The application of molecular modelling techniques to real-world problems involves a complex workflow which is extremely tedious and error prone if performed manually, especially when ensemble computing approaches are embraced. In the case of pharmaceutical drug discovery for example, anywhere from hundreds to tens of thousands of compounds may need to be screened within a few days. The number of ensemble runs is of the same order of magnitude as the number of compounds. Managing the execution of simulations and collation of output data mandates the adoption of automation techniques to make the process tractable and reduce the time to solution. The scarcity of automated software tools is one major obstacle limiting the wider application of free energy approaches in real-world problems.
In recent years, a good deal of effort has been expended to develop workflows that simplify some or all of the process of free energy calculation using alchemical approaches such as TI and FEP, and/or endpoint approaches like MMPBSA, MMGBSA and LIE (table 1). The workflows include the entire steps to plan, set up, simulate, and analyse the final results in an automated manner. As mentioned earlier, FEP+ [73] is a patented free energy calculation suite from Schrödinger Inc., designed to automate the setup and analysis of FEP. It has been promoted primarily to major pharmaceutical companies. The Amber free energy workflow (FEW) [142] is a tool to set up alchemical and endpoint free energy calculations. FESetup [144] provides the setup of alchemical free energy and endpoint approaches for a few modelling packages including Amber, CHARMM, GROMACS, NAMD, Sire and OpenMM. The small-molecule topology generator (STaGE) [146] automatically generates GROMACS topologies using force fields such as Amber, CHARMM and OPLS, and sets them up for high-throughput free energy calculations, while pmx [145] within GROMACS provides an automated framework to provide hybrid protein/ligand structures and topologies for alchemical free energy calculations. Flare [147], implemented in Cresset's structure-based drug design suite, offers a graphical user interface to automate setup, simulation and analysis of free energy calculations via interfaces to the open source packages OpenMM, Sire, LOMAP, SOMD and BioSimSpace. We have developed our own free energy workflow called the binding affinity calculator (BAC) [141,148], designed to automate the end-to-end execution of ESMACS, TIES and ABFE calculations, and to handle ensemble calculations. A relative free energy calculation usually requires a hybrid topology and coordinate files to transfer one ligand to another.
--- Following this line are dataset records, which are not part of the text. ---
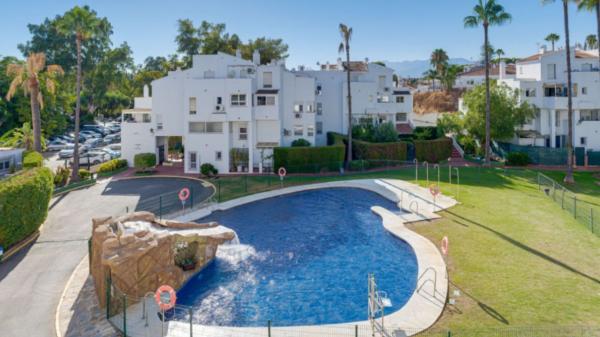 Продажа квартиры на Piso en Paseo del Perú, Green Hills - Las Cumbres de Elviria, Marbella, Марбелла
photo 1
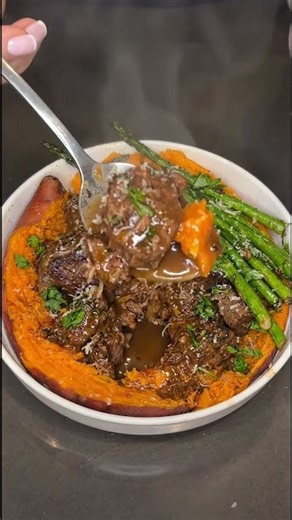 Steak Bites over Loaded Sweet Potato Bowl 🥩🍠
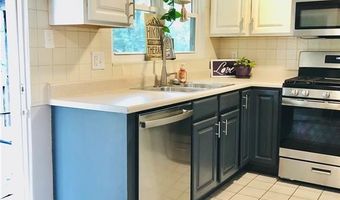 361 Messina Dr, Ballwin, MO 63021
An automated algorithm is desired for planning and setting up free energy calculations between possible ligand pairs, and for generating required files. In most of the workflows mentioned here, this task is handled by the lead optimization mapper (LOMAP) [149] or other similar tools. The original LOMAP code was mainly based on commercial application programming interfaces (APIs) such as ones from Schrödinger and OpenEye. A new version of LOMAP has been developed, which is based on open APIs such as RDKit; this offers the scientific community a free tool to plan binding free energy calculations.
Table 1.
name | automated steps |
FE approaches |
force field | MD engine | reference | |||
---|---|---|---|---|---|---|---|---|
build | simulation | post-analyses | endpoint | alchemical | ||||
FEP+ | ✓ | ✓ | ✓ | ✗ | ✓ | OPLS | Desmond | [73] |
BAC | ✓ | ✓ | ✓ | ✓ | ✓ | AMBER, CHARMM | NAMD, OpenMM, GROMACS |
[141] |
FEW | ✓ | ✓ | ✓ | ✓ | ✓ | AMBER | AMBER | [142] |
YANK | ✓ | ✓ | ✓ | ✗ | ✓ | AMBER, CHARMM | OpenMM | [143] |
FESetup | ✓ | ✗ | ✗ | ✗ | ✓ | AMBER | Sire, AMBER, GROMACS, CHARMM, NAMD, DL_POLY | [144] |
pmx | ✓ | ✗ | ✓ | ✗ | ✓ | AMBER, CHARMM, OPLS | GROMACS | [145] |
STaGE | ✓ | ✗ | ✗ | ✗ | ✓ | AMBER, CHARMM, OPLS | GROMACS | [146] |
Flare | ✓ | ✓ | ✓ | ✗ | ✓ | AMBER | OpenMM | [147] |
A complete free energy workflow comprises three distinct phases: (i) the preparation phase, (ii) the production phase and (iii) the analysis phase. The preparation phase is the step which all workflows focus on, in which the simulation-ready topology and coordinate files are constructed for a biomolecular system to be studied from its raw starting structure (usually in the form of a crystal structure in PDB format). They take parameter files for proteins, ligands and other components (water, ions, cofactors, etc.) as input with the specification of a desired force field. Some workflows also generate input configuration files compatible with chosen MD engines which are used to perform the equilibration and production simulations. After the successful execution of the simulation phase, the final step is to perform the statistical analysis on the output generated by the simulations or the post-processed data.
Most of the listed workflows are executed through a command line interface (CLI), with inputs being handled through shell scripts. An API is usually available, which allows a user to access the code through their own scripts for maximum flexibility and customization. As one might expect for a commercial product targeted at end-users in pharmaceutical companies, FEP+ has a well-designed graphical user interface to ensure user-friendly operation and high-quality visualization of input and output data. It uses a range of technical approaches to improve the accuracy and throughput of calculations, based on a replica-exchange method and GPU acceleration. However, as noted above, it is proprietary so users cannot access the code including the force field. As such, it fails to comply with the requirement of open and reproducible science and is thus harder to compare with other approaches. By contrast, a user friendly graphical interface for BAC, called ufBAC (see details below), has been developed in order to make it available to the widest range of users possible from academic to industrial and clinical. BAC has built-in ensemble-based simulation capabilities in order to ensure the accuracy and precision of reported results.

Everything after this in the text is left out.